Sunday, November 16, 2008

Struggling

I have really been struggling all week. Depression? Maybe.
Despair? I don't think so. The culprit - Lack of sleep combined
with a lack of encouragement from God's word. When I woke up this
morning I had no, zero, nada desire to go to church. Drew is
fighting a sinus infection, Jacob hacking away with a cough both
planning to stay home. I excused myself from church attendance - who
would watch the baby? There is no sense in going with the baby (I
told myself - lie). Drew woke up at 9:28, sat bolt upright in the
recliner and said "What are you still doing here?" He had encouraged
me to go to church earlier and I declined. Chloe had just fallen
asleep so he kicked me out with Mary and Abigail in tow. I am so
thankful I went. The message was encouraging but talking to Heidi
afterwards REALLY blessed me. She reminded me that I am not just a
stay at home Mom but a worker of the King of the Universe with little
ones made in His image. Praise God for saints who encourage! She
also directed me to an awesome blog site called holy experience. I
just finished a good 5 minute cry before typing this. I will battle
sin until Christ returns but I praise Him for the victory that is
mine in Christ.

2 comments:

HopiQ said...

Oh, wow, I thought I was the only one "awful" enough to look for "legitimate" reasons to get out of going to church!

I know how you're feeling, and isn't it just like the Lord to bring us blessings like a message that was meant for us and the words of a kindred spirit to lift our eyes back to the Lord.

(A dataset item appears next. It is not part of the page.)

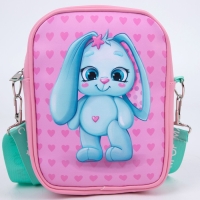 Сумка на ремешке детская для девочки &laquo;Голубой зайчик&raquo;, 15&times;5&times;21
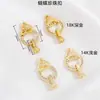 Banho de Ouro 18K Cor Duradoura Microincrustado Zircônia Coração Formato Trevo de Quatro Folhas Fecho de Pérola Acessórios de Joias DIY Feitos à Mão Fecho de Pérola Osmanthus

Something the Lord showed me one morning during breaking of bread when I felt like I came totally drained with nothing in me. Do you ever feel that way walking into church? Like you should bring a heart ready for worship, etc., etc.? When I was feeling so empty, He reminded me that that is how I should always come. He is always ready to fill me up to overflowing with all He is. I need to be desperate for Him because I am nothing in myself.

Our jobs as women who pursue God and work as wives and mothers are so worth it when we realize Who we are serving.

Holy Experience is on of my regular reads. :) I'm so glad you found it. Lots of realness and encouragement to be had. I so appreciate her perspective.

Hang in there! I'm praying for you.

Tonya said...

that site must be really known as I visit it too but not daily. i know exactly how you feel.